Agreeing a Non-Competition Clause In Writing
Court of Appeal of Leeuwarden, 22 February 2011, JAR
2011/89; Court of Appeal of Amsterdam, auxiliary location
Arnhem, 25 January 2011, JAR 2011/149; Court of Appeal of
Amsterdam, 24 May 2011 (unpublished)
Many employers include a non-competition clause in their
employment contracts. The law provides that in order for such
non-competition clause to be valid, it must be agreed in writing. A
reference in the employment contract to rules and regulations, a
collective labor agreement, a staff handbook, etc. in which a
non-competition clause is included, does not suffice; the
non-competition clause must be included in the employment
contract.
New Employment Contract or Continuation?
The requirement of written form also entails that, if an
existing employment contract is terminated and a new employment
contract is entered into between the same parties, the
non-competition clause will have to be agreed in writing again. In
lower case law, discussions have been going on for quite a while
about the question of whether the continuation of an existing
employment relationship on the same conditions after the expiry of
the initial contract term, which is often only recorded through a
short letter of confirmation, must be regarded as the entry into a
new employment, and whether in that case the non-competition
clause must be agreed in writing anew. Some Subdistrict Courts hold
the view that the requirement of recording a non-competition clause
in writing must not be passed over rashly, since the consequences
of such a clause are drastic for the employee, and that the
non-competition clause should therefore be agreed anew time and
again. Other Subdistrict Courts hold the view that in the event
that a fixed-term employment contract is extended after the expiry
of the term on the same conditions, this extension must be regarded
as a continuation of an existing employment contract, and
that in that case the non-competition clause does not have to be
agreed anew.
Opinion of the Courts of Appeal
Recently, the Court of Appeal of Leeuwarden, the Court
of Appeal of Amsterdam with auxiliary location in Arnhem, and the
Court of Appeal of Amsterdam have expressed opinions on this
matter.

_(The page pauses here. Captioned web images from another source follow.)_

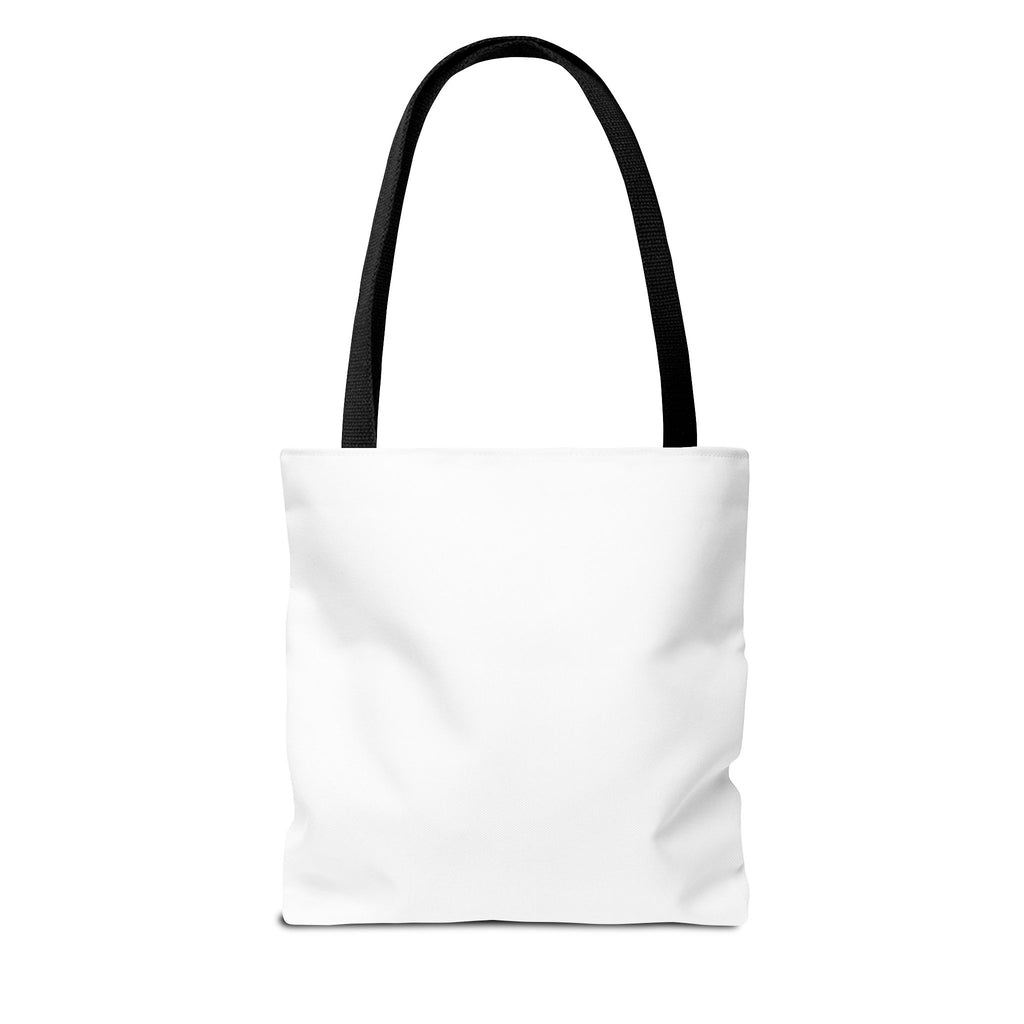 Fall Tote Bag – "It's Fall Y'all" Pumpkin Sweater Coffee Graphic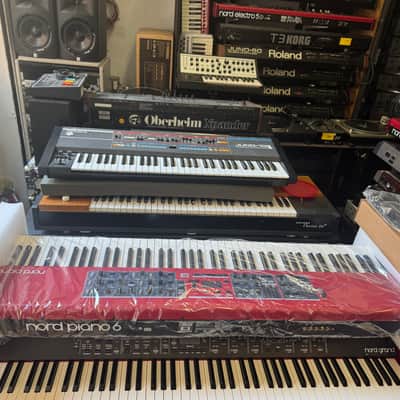 Nord Piano 6 88-Key Digital Piano /Keyboard weighted keys , MINT //ARMENS// image 3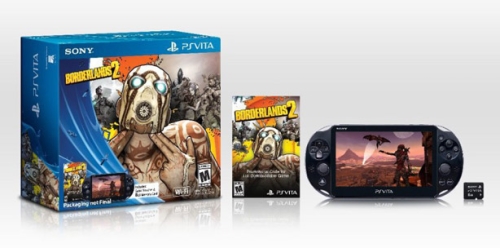 Sony PS Vita Bundle US Release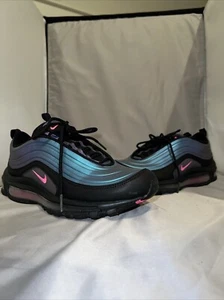 Nike Air Max 97 LX Throwback Future Multicolor Chromatic Größe 8 Schuhe Sneaker - Bild 1 von 8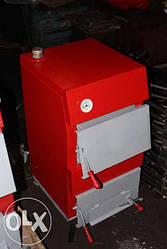 Твердопаливні котли Чемпіон 12 Т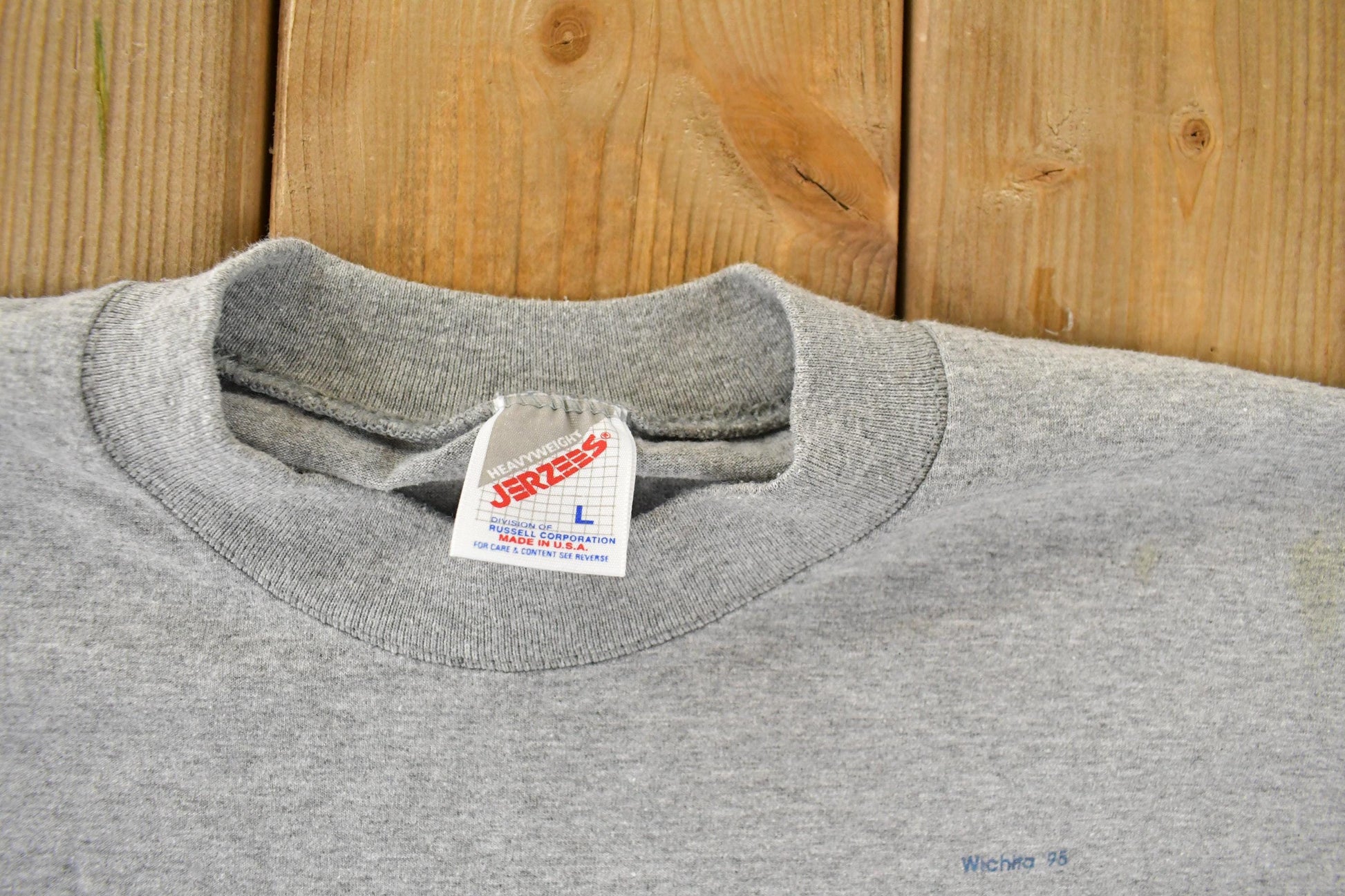 Vintage 1990s Jesus Prepare the Way of the Lord T Shirt Men's Large from propervintagecanada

All three Courts of Appeal followed the latter
argumentation. The Courts of Appeal considered that if an
employment contract is extended on the same conditions, this
extension should not be regarded as the entry into a new employment
contract, but as the continuation of an employment contract, and
that it is not necessary to agree on the non-competition clause in
writing again. In these cases it is important, however, that the
employer had always explicitly stated in the extension letter that
the terms and conditions agreed would remain in full force and
effect.
Although the Supreme Court may, of course, render a different
decision about this matter in the future, for the time being the
Courts of Appeal have ended the prevailing lack of clarity
regarding the requirement of written form of the non-competition
clause in the event of the extension of an employment
contract.
Tips
- For safety's sake, it is still wise to include the
non-competition clause explicitly in every employment contract
– whether the contract is new or an extension of an existing
contract. This new contract or the extension letter must also
be signed by the employee.
- The above advice should certainly be heeded in the event
that new employment conditions are agreed in the new
contract/continuation of the employment contract, or if the
employee will take up another position. In that case, there is
a risk that the non-competition clause will ‘become a heavier
burden’, so that the non-competition clause that related to the
old situation will lose its validity.